Start of Block

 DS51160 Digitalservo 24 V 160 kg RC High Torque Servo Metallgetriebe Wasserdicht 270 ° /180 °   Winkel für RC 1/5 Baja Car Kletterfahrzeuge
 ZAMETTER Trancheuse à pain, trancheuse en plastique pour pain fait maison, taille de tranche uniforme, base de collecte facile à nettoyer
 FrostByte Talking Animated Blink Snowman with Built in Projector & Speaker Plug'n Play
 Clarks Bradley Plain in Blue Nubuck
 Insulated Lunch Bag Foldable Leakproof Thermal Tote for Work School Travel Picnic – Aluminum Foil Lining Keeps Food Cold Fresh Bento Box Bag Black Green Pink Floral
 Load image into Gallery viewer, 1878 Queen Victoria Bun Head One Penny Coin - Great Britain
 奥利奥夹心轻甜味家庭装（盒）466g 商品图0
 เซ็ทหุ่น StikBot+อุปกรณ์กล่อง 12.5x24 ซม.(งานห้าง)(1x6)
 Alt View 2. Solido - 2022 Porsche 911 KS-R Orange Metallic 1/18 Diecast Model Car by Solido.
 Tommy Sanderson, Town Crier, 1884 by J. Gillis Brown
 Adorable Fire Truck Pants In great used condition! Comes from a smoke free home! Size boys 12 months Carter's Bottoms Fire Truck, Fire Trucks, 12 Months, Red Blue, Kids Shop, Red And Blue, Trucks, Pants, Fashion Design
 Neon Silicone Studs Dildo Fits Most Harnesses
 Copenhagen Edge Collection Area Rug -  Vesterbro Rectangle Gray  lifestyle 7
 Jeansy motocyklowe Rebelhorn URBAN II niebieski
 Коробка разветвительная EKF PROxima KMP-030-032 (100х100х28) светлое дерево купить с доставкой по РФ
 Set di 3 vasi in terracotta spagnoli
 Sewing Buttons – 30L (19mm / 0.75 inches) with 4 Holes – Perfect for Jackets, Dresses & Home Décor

End of Block

What to produce: Return, unchanged, each line from the line containing "Load image into" through the last line of the material.

Exercise answer:
 Load image into Gallery viewer, 1878 Queen Victoria Bun Head One Penny Coin - Great Britain
 奥利奥夹心轻甜味家庭装（盒）466g 商品图0
 เซ็ทหุ่น StikBot+อุปกรณ์กล่อง 12.5x24 ซม.(งานห้าง)(1x6)
 Alt View 2. Solido - 2022 Porsche 911 KS-R Orange Metallic 1/18 Diecast Model Car by Solido.
 Tommy Sanderson, Town Crier, 1884 by J. Gillis Brown
 Adorable Fire Truck Pants In great used condition! Comes from a smoke free home! Size boys 12 months Carter's Bottoms Fire Truck, Fire Trucks, 12 Months, Red Blue, Kids Shop, Red And Blue, Trucks, Pants, Fashion Design
 Neon Silicone Studs Dildo Fits Most Harnesses
 Copenhagen Edge Collection Area Rug -  Vesterbro Rectangle Gray  lifestyle 7
 Jeansy motocyklowe Rebelhorn URBAN II niebieski
 Коробка разветвительная EKF PROxima KMP-030-032 (100х100х28) светлое дерево купить с доставкой по РФ
 Set di 3 vasi in terracotta spagnoli
 Sewing Buttons – 30L (19mm / 0.75 inches) with 4 Holes – Perfect for Jackets, Dresses & Home Décor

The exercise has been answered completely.